Der letzte Mann des Radiosenders „Kol Israel“

Mike Israel in „seinem“ Nachrichtenstudio 
in Tel Aviv.© Jürgen Müller


„Kol Israel“ war die öffentlich-rechtliche Rundfunkanstalt des jüdischen Staates und ging mit der Übertragung der Unabhängigkeitserklärung von David Ben Gurion am 14. Mai 1948 das erste Mal auf Sendung. Mike Israel arbeitet hier schon seit 44 Jahren als Tontechniker und ist nun seit der Schließung im Jahr 2017 für die Wartung des Studios zuständig. Ein zukünftiges Radio- und Fernsehmuseum soll die Geschichte der Rundfunkanstalt weitererzählen. (JR)

Von Jürgen Th. Müller

Mitten in Tel Aviv liegt der Arbeitsplatz von Mike Israel. Der Weg ins Studio führt vorbei an Baumaschinen und Betonlastern. Mike hat eine wichtige Aufgabe: Er ist verantwortlich für die gesamte Technik von „Kol Israel“, dem Radiosender „Stimme Israels“. Das Problem: Der Sender hat seinen Betrieb schon vor vielen Jahren eingestellt. Heute ist Mark Israel der einzige verbliebene Mitarbeiter.

 

Die Technik funktioniert noch

Mike sitzt am Mikrofon des ehemaligen Nachrichtenstudios. „Hier funktioniert alles“, sagt er stolz: „Am 15. Mai 1948 wurde hier zum ersten Mal gearbeitet. Der letzte Tag hier war der 15. Mai 2017. Dann wurde der Sender geschlossen. Als das hier zu Ende ging, wussten die Verantwortlichen nicht, was sie damit machen sollten. Haben sie die neuen Gebäude draußen gesehen? Das ist eine der teuersten Gegenden in Tel Aviv. Was sollten sie tun? Sie wollten alles mit Bulldozern platt machen, um hier einen großen Neubau hochzuziehen.“

Doch dazu kam es nicht. Das Presseamt der Regierung entschied kurzfristig, dass hier ein Radio- und Fernsehmuseum entstehen sollte. Mike wurde mit der Instandhaltung des Studiokomplexes beauftragt. Den kennt er in- und auswendig, denn er arbeitet seit 44 Jahren hier.

 

Israelische Rundfunkgeschichte

„Kol Israel“ war die öffentlich-rechtliche Rundfunkanstalt des jüdischen Staates. Die erste Sendung war die Übertragung der Unabhängigkeitserklärung von David Ben Gurion. „Kol Israel“ sendete, wie damals im europäischen Rundfunk üblich, in drei Blöcken morgens, mittags und abends in Hebräisch, Arabisch und Englisch. Auf Kurzwelle wurden Sendungen in Türkisch und Farsi (Persisch) für Hörer im Ausland ausgestrahlt, die vor allem im Iran intensiv gehört wurden. Später kamen Sendungen in verschiedenen Sprachen für Neueinwanderer hinzu.

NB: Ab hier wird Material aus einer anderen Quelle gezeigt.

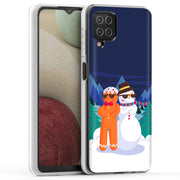 Cool Snowman Print Slim Cover For Samsung Galaxy A (A42, A35, A25, A15, A11, A03S), Print in USA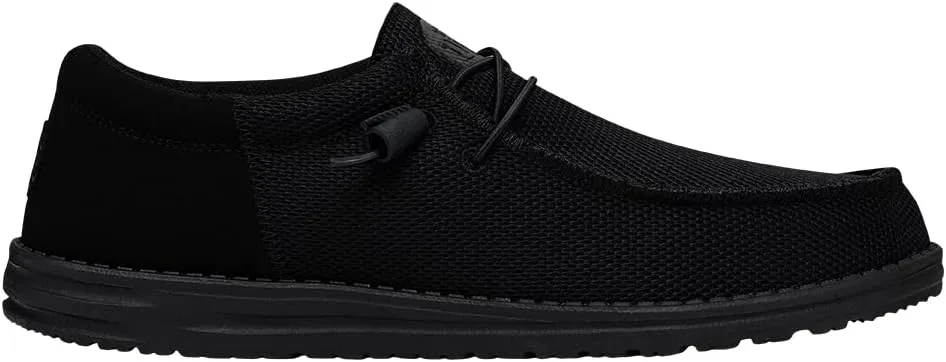 Hey Dude Men's All Wally Styles | Men’s Shoes | Men's Lace Up Loafers | Comfortable & Light-Weight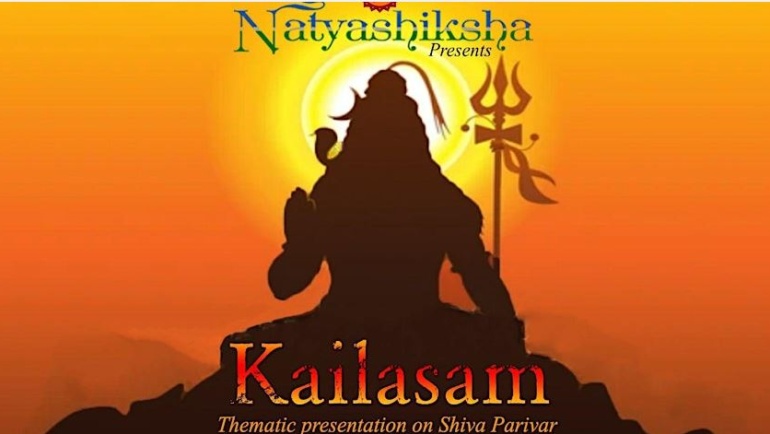 Kailasam – A Fundraising Thematic Presentation on Lord Shiva’s Parivar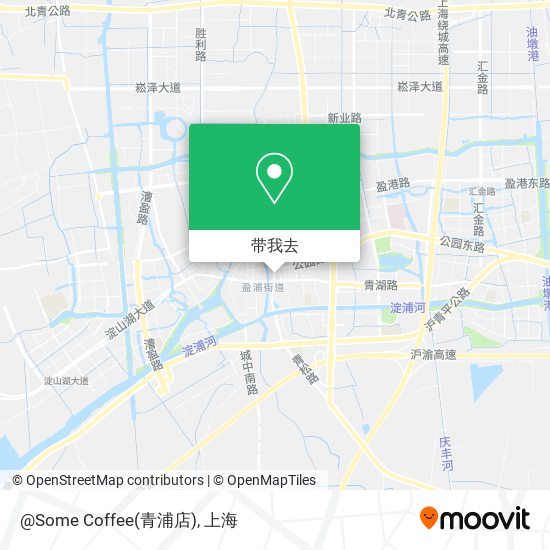 @Some Coffee(青浦店)地图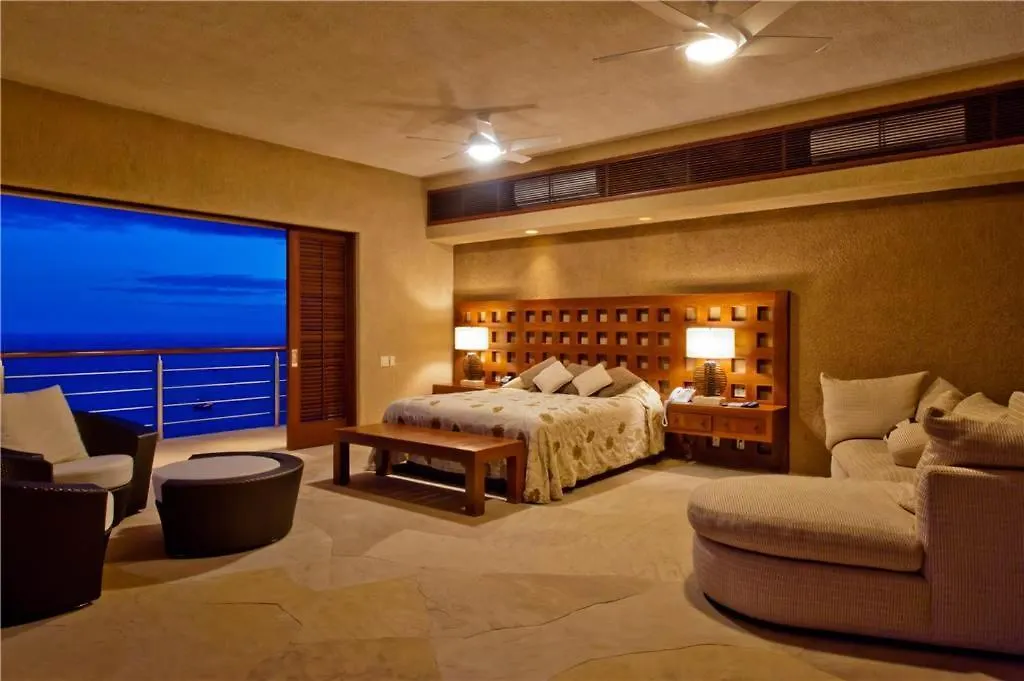Luxurious Hillside Oceanfront 8 Bedroom Villa Bellissima Cabo San Lucas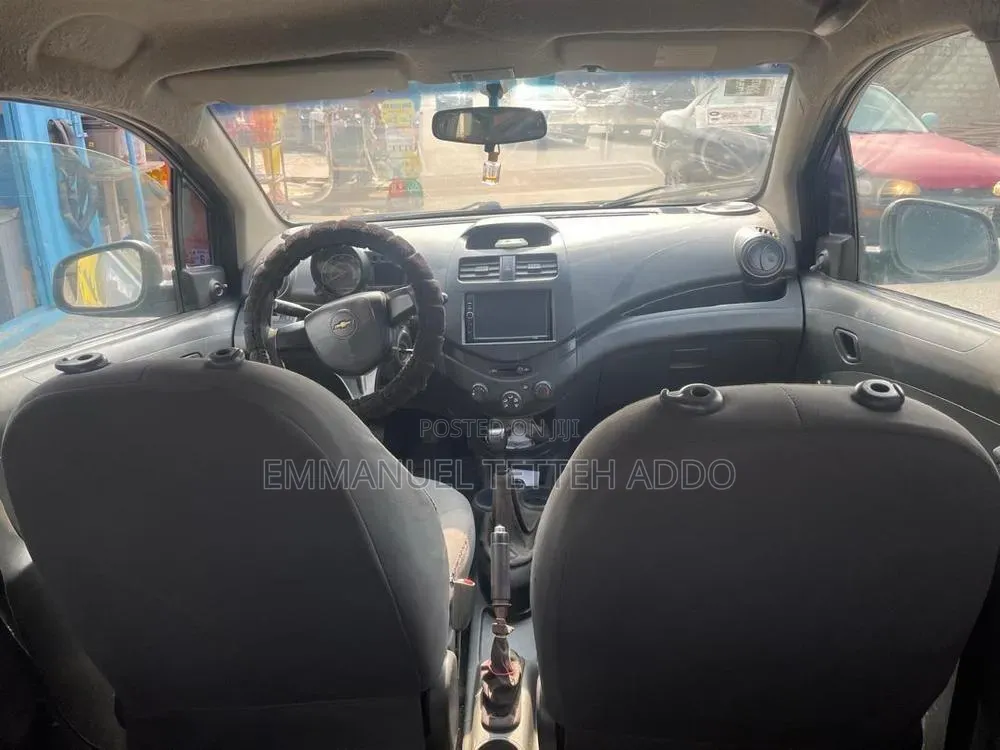 Chevrolet Spark 2012 Blue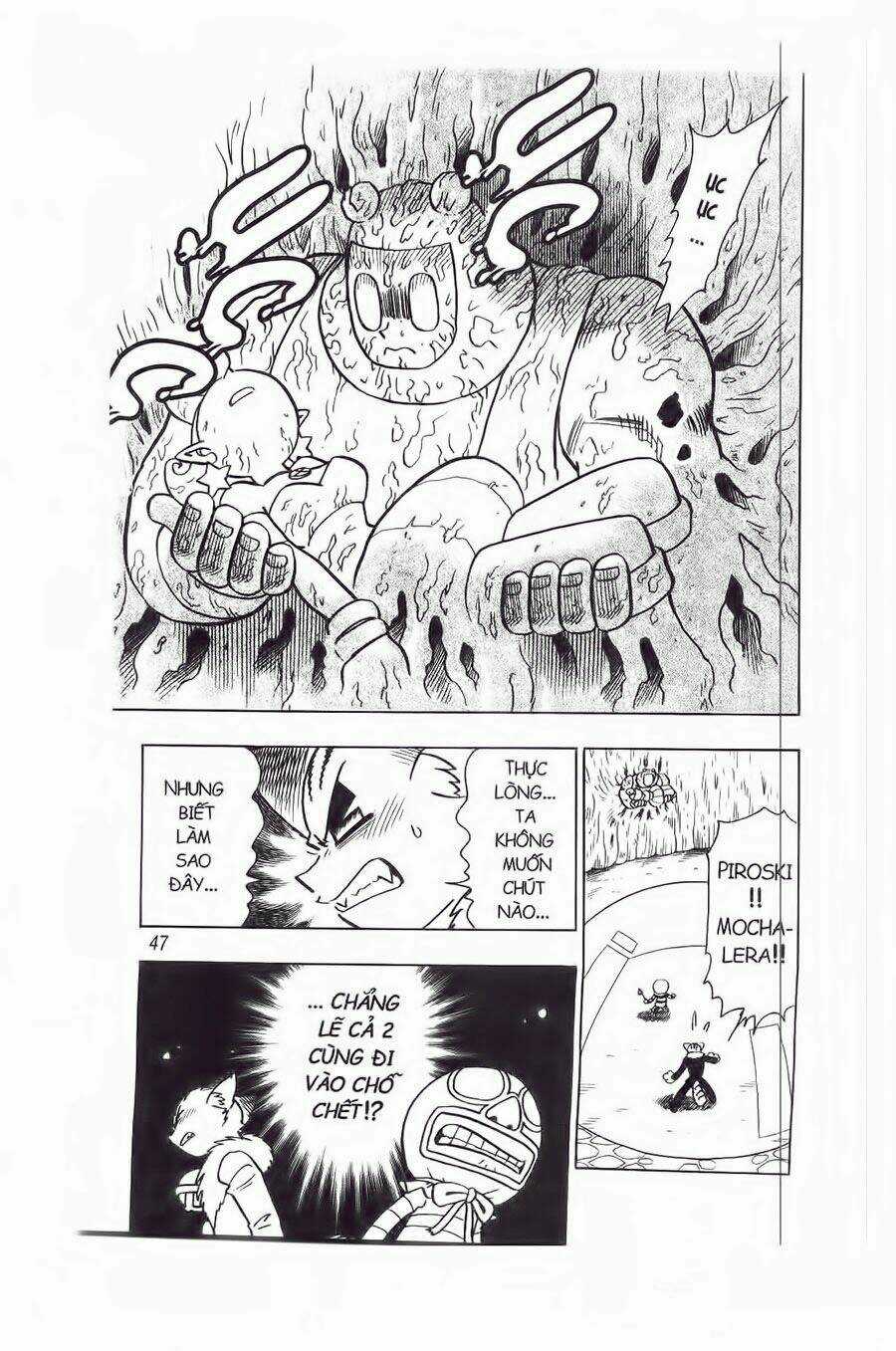 Croket - Cuộc Phiêu Lưu Của Croket Chapter 47 trang 7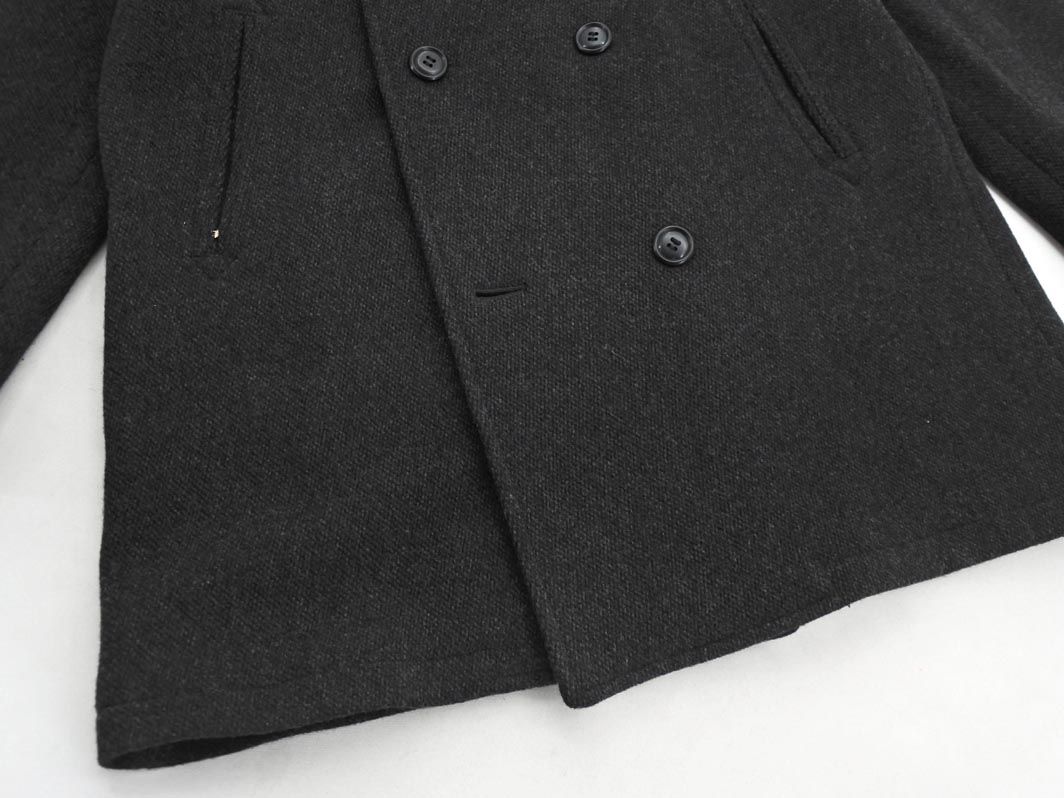 Calvin Klein カルバンクライン ウール混 チェスター コート size38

Mike Israel arbeitet gerne in den verlassenen Räumen: „Ich halte alles am Laufen. In diesem Studio funktioniert alles. Ich möchte, dass jede Art von Musik gespielt werden kann. Ich möchte, dass die Leute hierher kommen und wir ihnen beibringen, wie man in ein Mikrofon spricht, wie man Musik spielt, es soll wie eine Schule sein, eine Schule für alle“.

Doch das ist Zukunftsmusik. Auch sechs Jahre nach der Schließung des Senders gibt es noch keinen Eröffnungstermin für das Museum.

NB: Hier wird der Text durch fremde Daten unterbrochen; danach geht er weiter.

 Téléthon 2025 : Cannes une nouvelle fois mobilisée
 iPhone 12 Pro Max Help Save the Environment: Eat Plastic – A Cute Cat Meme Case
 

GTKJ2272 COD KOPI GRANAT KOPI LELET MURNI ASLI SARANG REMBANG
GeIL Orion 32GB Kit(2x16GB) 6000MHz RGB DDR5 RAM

Im Laufe der Zeit hat „Kol Israel“ zehn Studios eingerichtet, die für verschiedene Musikrichtungen und Wortprogramme genutzt wurden. Mike hält sie intakt. Früher traten dort Chöre und Bands live auf. Mikrofone, die von der Decke hingen, sorgten für einen guten Sound. Die gesamte Technik ist analog, Computer sucht man im Studio vergeblich. Seit der Schließung ist das Studio nur einmal aus seinem Dornröschenschlaf erwacht: Mike konnte ein Gesangsstück seiner Tochter aufnehmen.

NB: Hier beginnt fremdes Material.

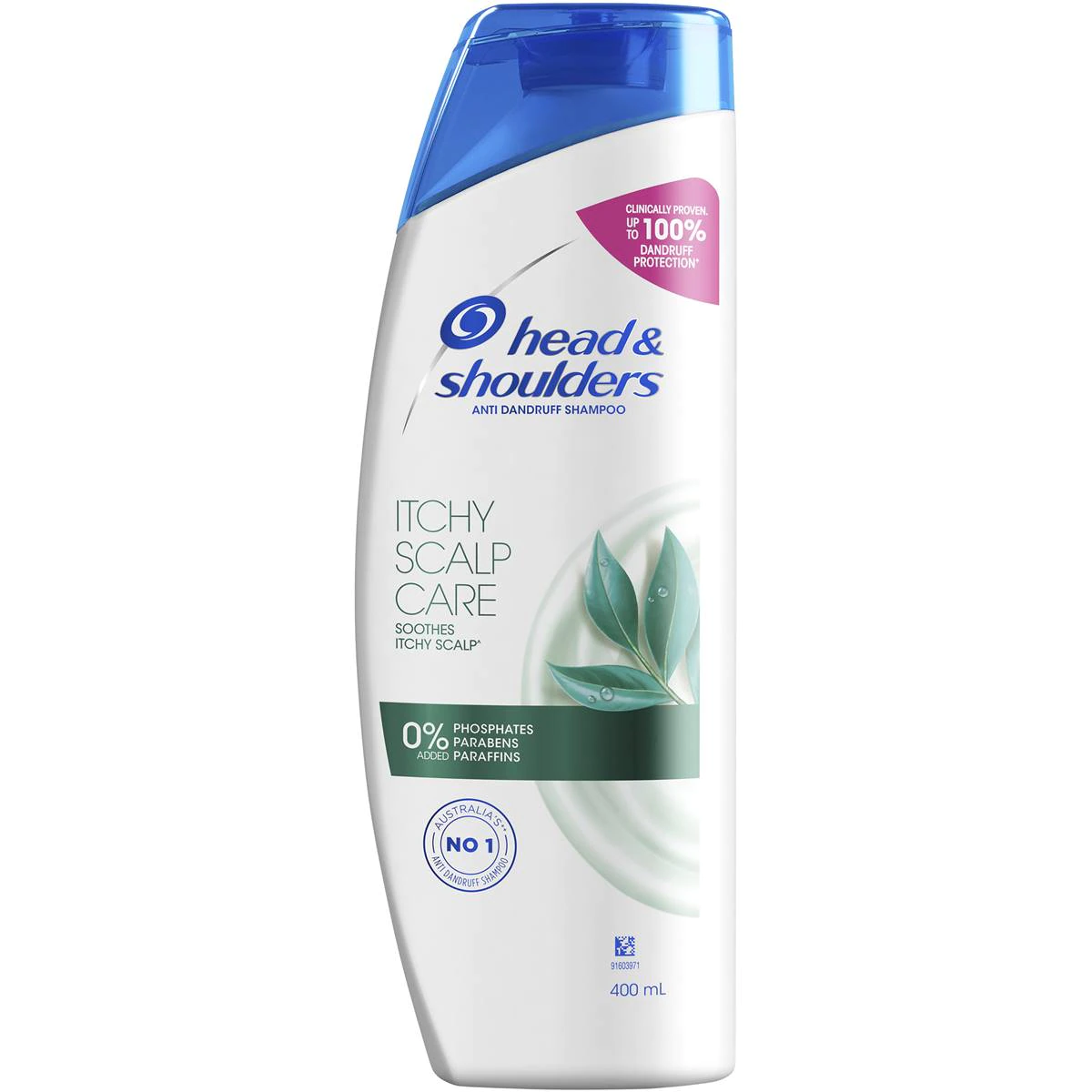 Head & Shoulders Itchy Scalp Care Anti Dandruff Shampoo For Itchy Scalp 400ml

Das Studiogebäude hat eine lange Geschichte. Erbaut wurde es einst von den Templern, württembergischen Pietisten, die im 19. Jahrhundert nach Israel ausgewandert waren. Noch heute steht im Keller eine Wasserpumpe aus der Gründerzeit. Auch sie ist noch funktionstüchtig und wird von Mike gewartet.

 

Radio aus dem Pferdestall

Das landwirtschaftliche Gebäude wurde nach der Staatsgründung von der israelischen Regierung übernommen und dem ersten Radiosender des Landes zur Verfügung gestellt. Die ersten Sendungen kamen aus einem Weinkeller, abgeschirmt vom Lärm der Umgebung. Das Studio, in dem Mike sitzt, war früher ein Pferdestall. Das ist dokumentiert, berichtet der Tontechniker: „Wir haben noch einen Plan, auf dem die Namen aller Pferde und die Boxen, in denen sie standen, verzeichnet sind.“

Mike schwärmt noch immer von den Studios, die er als junger Mann zusammen mit den Ingenieuren des Senders eingerichtet hat. Und er genießt es, dass er die Verstärker des Plattenspielers voll aufdrehen kann, ohne jemanden zu stören. Und so erklingen Abba und Elton John laut und in Studioqualität nur für ihn, den letzten Mann von „Kol Israel“.